■ **Problem description**
Copy the records below character for character.

'''

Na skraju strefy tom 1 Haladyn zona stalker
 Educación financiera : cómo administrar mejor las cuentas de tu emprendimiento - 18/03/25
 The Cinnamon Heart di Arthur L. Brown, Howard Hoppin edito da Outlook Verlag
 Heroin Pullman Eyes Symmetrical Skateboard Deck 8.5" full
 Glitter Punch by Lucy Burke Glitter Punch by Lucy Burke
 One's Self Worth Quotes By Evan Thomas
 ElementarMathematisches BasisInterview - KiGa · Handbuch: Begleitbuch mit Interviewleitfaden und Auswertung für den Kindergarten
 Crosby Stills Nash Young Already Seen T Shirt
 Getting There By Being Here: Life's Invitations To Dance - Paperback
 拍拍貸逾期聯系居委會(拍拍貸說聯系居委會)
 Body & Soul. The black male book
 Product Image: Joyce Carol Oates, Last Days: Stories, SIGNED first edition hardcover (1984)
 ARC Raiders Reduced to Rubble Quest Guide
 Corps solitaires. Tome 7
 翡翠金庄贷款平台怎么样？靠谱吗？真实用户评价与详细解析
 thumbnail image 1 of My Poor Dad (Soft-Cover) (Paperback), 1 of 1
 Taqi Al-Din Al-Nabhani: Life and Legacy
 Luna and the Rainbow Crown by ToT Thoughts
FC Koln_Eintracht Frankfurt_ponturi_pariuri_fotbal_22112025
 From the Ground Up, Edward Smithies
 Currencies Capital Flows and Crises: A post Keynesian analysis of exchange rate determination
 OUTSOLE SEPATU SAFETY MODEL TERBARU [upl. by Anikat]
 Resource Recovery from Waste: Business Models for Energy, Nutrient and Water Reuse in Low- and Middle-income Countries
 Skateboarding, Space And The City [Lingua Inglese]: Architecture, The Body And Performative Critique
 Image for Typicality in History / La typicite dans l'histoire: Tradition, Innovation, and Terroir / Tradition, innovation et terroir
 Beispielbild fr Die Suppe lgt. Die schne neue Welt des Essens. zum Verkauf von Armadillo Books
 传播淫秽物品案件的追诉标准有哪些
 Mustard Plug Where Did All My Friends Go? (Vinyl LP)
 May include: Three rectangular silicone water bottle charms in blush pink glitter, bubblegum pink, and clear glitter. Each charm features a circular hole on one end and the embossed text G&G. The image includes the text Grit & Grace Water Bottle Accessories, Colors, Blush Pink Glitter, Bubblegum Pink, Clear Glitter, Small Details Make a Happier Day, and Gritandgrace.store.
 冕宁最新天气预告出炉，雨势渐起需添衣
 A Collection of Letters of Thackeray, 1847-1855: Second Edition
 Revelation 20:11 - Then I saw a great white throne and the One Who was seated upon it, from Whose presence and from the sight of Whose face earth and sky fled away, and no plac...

'''

■ **Response box**
Na skraju strefy tom 1 Haladyn zona stalker
 Educación financiera : cómo administrar mejor las cuentas de tu emprendimiento - 18/03/25
 The Cinnamon Heart di Arthur L. Brown, Howard Hoppin edito da Outlook Verlag
 Heroin Pullman Eyes Symmetrical Skateboard Deck 8.5" full
 Glitter Punch by Lucy Burke Glitter Punch by Lucy Burke
 One's Self Worth Quotes By Evan Thomas
 ElementarMathematisches BasisInterview - KiGa · Handbuch: Begleitbuch mit Interviewleitfaden und Auswertung für den Kindergarten
 Crosby Stills Nash Young Already Seen T Shirt
 Getting There By Being Here: Life's Invitations To Dance - Paperback
 拍拍貸逾期聯系居委會(拍拍貸說聯系居委會)
 Body & Soul. The black male book
 Product Image: Joyce Carol Oates, Last Days: Stories, SIGNED first edition hardcover (1984)
 ARC Raiders Reduced to Rubble Quest Guide
 Corps solitaires. Tome 7
 翡翠金庄贷款平台怎么样？靠谱吗？真实用户评价与详细解析
 thumbnail image 1 of My Poor Dad (Soft-Cover) (Paperback), 1 of 1
 Taqi Al-Din Al-Nabhani: Life and Legacy
 Luna and the Rainbow Crown by ToT Thoughts
FC Koln_Eintracht Frankfurt_ponturi_pariuri_fotbal_22112025
 From the Ground Up, Edward Smithies
 Currencies Capital Flows and Crises: A post Keynesian analysis of exchange rate determination
 OUTSOLE SEPATU SAFETY MODEL TERBARU [upl. by Anikat]
 Resource Recovery from Waste: Business Models for Energy, Nutrient and Water Reuse in Low- and Middle-income Countries
 Skateboarding, Space And The City [Lingua Inglese]: Architecture, The Body And Performative Critique
 Image for Typicality in History / La typicite dans l'histoire: Tradition, Innovation, and Terroir / Tradition, innovation et terroir
 Beispielbild fr Die Suppe lgt. Die schne neue Welt des Essens. zum Verkauf von Armadillo Books
 传播淫秽物品案件的追诉标准有哪些
 Mustard Plug Where Did All My Friends Go? (Vinyl LP)
 May include: Three rectangular silicone water bottle charms in blush pink glitter, bubblegum pink, and clear glitter. Each charm features a circular hole on one end and the embossed text G&G. The image includes the text Grit & Grace Water Bottle Accessories, Colors, Blush Pink Glitter, Bubblegum Pink, Clear Glitter, Small Details Make a Happier Day, and Gritandgrace.store.
 冕宁最新天气预告出炉，雨势渐起需添衣
 A Collection of Letters of Thackeray, 1847-1855: Second Edition
 Revelation 20:11 - Then I saw a great white throne and the One Who was seated upon it, from Whose presence and from the sight of Whose face earth and sky fled away, and no plac...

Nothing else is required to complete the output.